Reed, Lou

Metal Music Machine

First full instrumental version, performed live by zeitkratzer

Verlag/Label: zeitkratzer records CD zkr0016
erschienen in: Neue Zeitschrift für Musik 2014/05 , Seite 90

Musikalische Wertung: 5
Technische Wertung: 5
Booklet: 4

Zur Vorgeschichte: 1975 veröffentlichte der «Velvet Underground»-Gitarrist Lou Reed ein aus vier Titeln bestehendes Doppelalbum, dem jegliche musikähnlichen Inhalte fehlten. Das Klangkonzept bestand aus Rückkopplungen, Verzerrungen und Rauschen und wirkte wie eine Lärmreise zu den Anfängen des Hörens.
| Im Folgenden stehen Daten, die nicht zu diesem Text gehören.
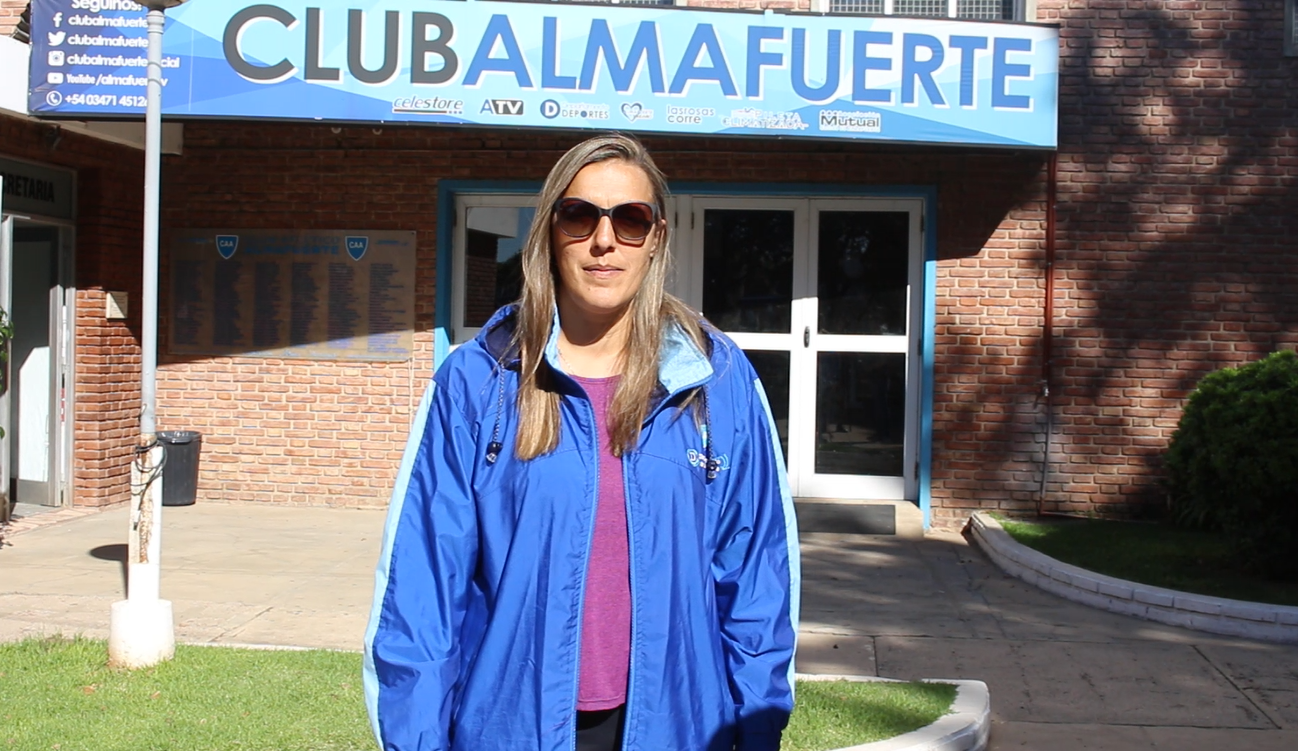 mari frontera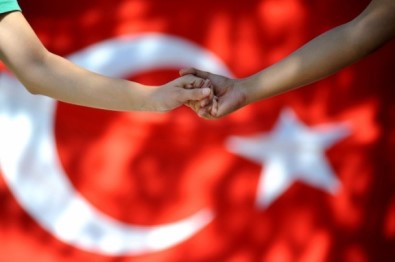 Erzurum Tabipler Odasından Terör Tepkisi; 'Birliğimizi Bozamayacaklar'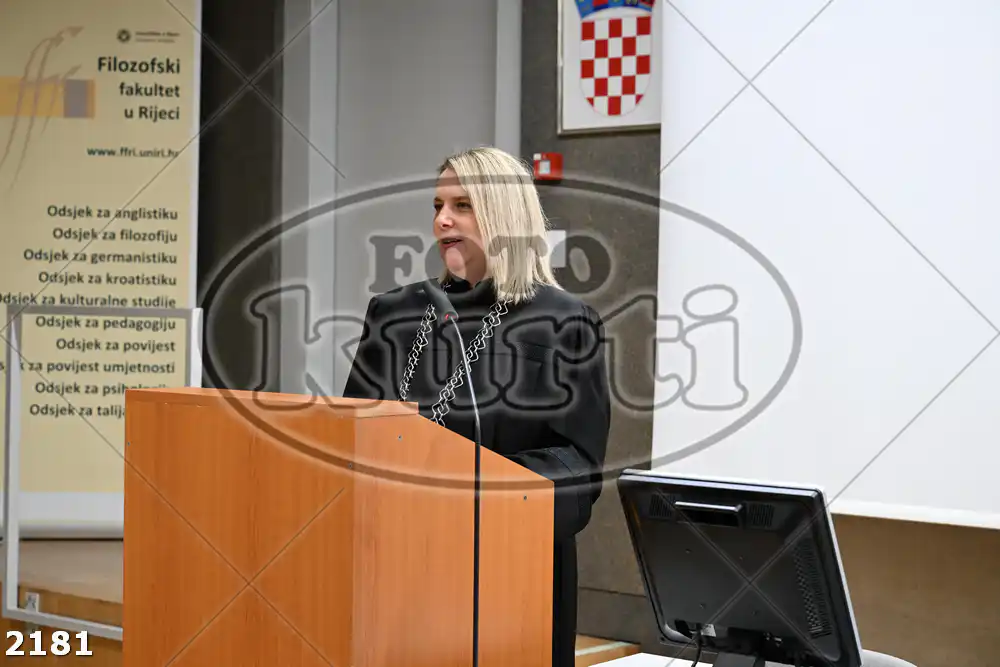 13:00h 2 - FotoKurti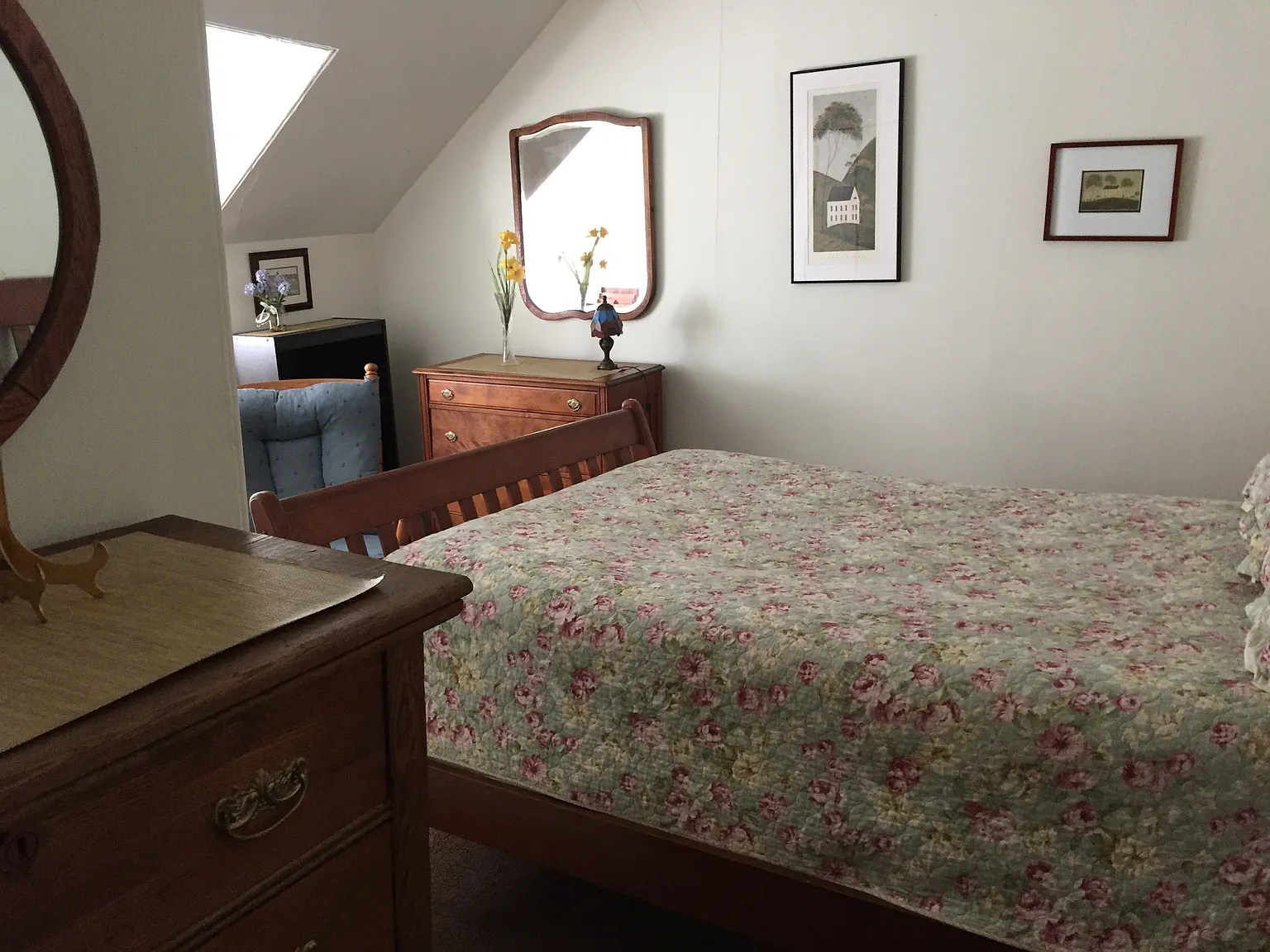 1 bed, $1,700 — Photo 2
Das Album wurde mit überwiegend negativen Kritiken überzogen, galt als unnahbar und provozierte beim Publikum eine radikal ablehnende Haltung. Angeblich wollte Reed mit dieser Veröffentlichung seine Plattenfirma RCA Victor ärgern und mit dem Album widerwillig vertragliche Verpflichtungen erfüllen. Der von ihm alleine produzierte lupenreine Lärm verweigerte sich allerdings jeder Songstruktur, die in der Rockmusik zu den fundamentalen Ingredienzien zählt.
2002 dann die erste, allerdings nur gekürzt aufgenommene zeitkratzer-Version, die 2007 beim Label Asphodel auf Tonträger erschienen ist.
Zeitkratzer – von Reinhold Friedl 1997 gegründet – haben den Mantel des Unnahbaren und des Abweisenden, der seit Jahrzehnten über Lou Reeds Werk Metal Music Machine liegt, angehoben und den Metallgehalt aus dieser kakophonischen Orgie entfernt. Und siehe da: Es zeigt sich ein kammermusikalisches Kleinod, ein ungeschliffener Diamant mit spannenden und überraschend irisierenden Effekten, Musik, die mit einer – bei Kenntnis des Originals – gar nicht für möglich gehaltenen Leichtigkeit und einem vom Zwang des Widerstands befreiten musikalischen Ereignisses einhergeht. Das Sperrige, Aufbrausende, Zurückweisende, das von Metal Music Maschine in jeder Phase der Timeline ausgeht, verarbeiten zeitkratzer derart individuell, dass ein Vergleich mit dem von Lou Reed selbst gespielten Original fast unmöglich wird. Lou Reed erlebte die Fertigstellung des zeitkratzer-Projekts nicht mehr: Er starb am 27. Oktober 2013.
Fanfarenähnlich eröffnen zeitkratzer den ersten der vier Teile. Jedes einzelne Stück dauert 16:01 Minuten, die zugrunde liegenden Aufnahmen entstanden 2012 live beim Festival Romaeuropa in Rom und beim Festival Aperto in Reggio Emilia. Vier mal 16 Minuten ohne pausenähnliche Unterbrechungen – ein transparentes, in seiner Radikalität dem Diktum von Luigi Russolos Die Kunst der Geräusche folgendes Klangexperiment. Das Fehlen einer in der Rockmusik typischen elektrischen Gitarre, deren Sound die bis ins Schmerzhafte gehenden Tonfolgen von Metal Music Machine auch körperlich erfahrbar machten, kompensierten zeitkratzer durch eine mit einem Bogen gespielte Gitarre (Marc Weiser) und die flirrenden Klänge von Violine (Burkhard Schlothauer) und Violoncello (Anton Lukoszevieze). Implosion und Explosion – musikalische Prozesse nach innen und nach außen tragend: Metal Music Machine steht nahezu einzigartig da. Was für den Bereich des Pop wie für den der Neuen Musik gültig ist.
Das radikale Werk aus dem 20. Jahrhundert – aus einer protestierenden Laune heraus entstanden – entfaltet offensichtlich erst im 21. seine unangepasste, keinem nachvollziehbaren Genre zuzuordnende künstlerische Kraft.